Schools that violate any of the testing requirements are not eligible for financial awards. In addition, the State Board of Education may designate schools that violate testing requirements for two consecutive years as low-performing.
Presentation of Results
The results are presented in A Report Card for the ABCs of Public Education Volume I: 2000-2001 Growth and Performance of Public Schools in North Carolina. The first section of this report, Growth and Performance of Schools presents the growth and performance of all non-alternative schools in North Carolina participating in the ABCs. Other sections, Schools of Excellence, Schools of Distinction, 25 Most Improved K-8 Schools, 10 Most Improved High Schools, Schools Making Exemplary Growth, Schools Making Expected Growth, and Low-Performing Schools, follow. Charter Schools with sufficient data to participate in the ABCs appear in the previous sections where appropriate and are also included in a separate section, Charter Schools, for easy reference. Alternative schools appear only in a section designated Alternative Schools. Special education schools, vocational/career centers, and hospital schools also appear in a special section of the report. Schools that were unable to submit complete data before the processing deadlines are included in a section called Schools with Unresolved Data Issues. In sections of the report where appropriate, a status column indicates each school’s ABCs status or failure to meet testing requirements. North Carolina public schools that are not included in the ABCs because of data requirements are listed in the final section, Schools Not Included.
The Appendix includes an explanation of adjustments for special ABCs conditions, a summary of standard conventions used in the ABCs analyses in Technical Notes, a table of the values, called Constants and Parameters, used in the ABCs growth formula computations, an example of how the Alternate Assessment Portfolio results were incorporated into the performance composites, and the achievement levels and score conversions derived from the equating study.

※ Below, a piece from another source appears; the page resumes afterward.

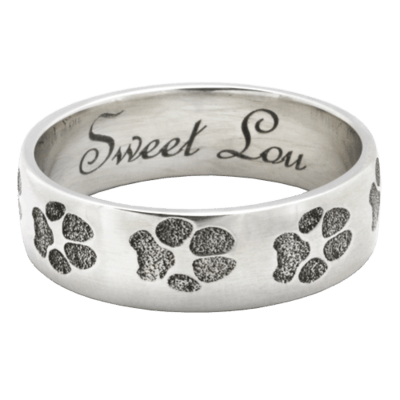 Paw Print 14K White Gold Keepsake Ring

Statistical Summary of Results
In the 2000-2001 implementation of the ABCs, 2156 public schools were assigned an ABCs status. These included traditional public schools spanning combinations of grades K-12; charter schools; alternative schools; and certain K-2 schools (those that fed more than 50% of their students into a single receiving school in 2000-2001). There were 30 special education, vocational/career centers and hospital schools that were not assigned an ABCs status, but participated on the basis of the schools that they served, as explained above. Schools that violated testing requirements were assigned a violation status and did not receive another ABCs status, except low-performing. There were three schools that violated testing requirements. None of them was assigned an ABCs status. Fourteen schools were not included in the ABCs because they failed to meet data requirements. The results for schools that were assigned a status appear below.
Note. Percents may not add to 100% due to rounding.
In addition, the following numbers of schools received special recognition. (These categories may overlap categories in the above table.)
Overall, 59.9% of the public schools made either expected or exemplary growth standards under the 2000-2001 ABCs Accountability model.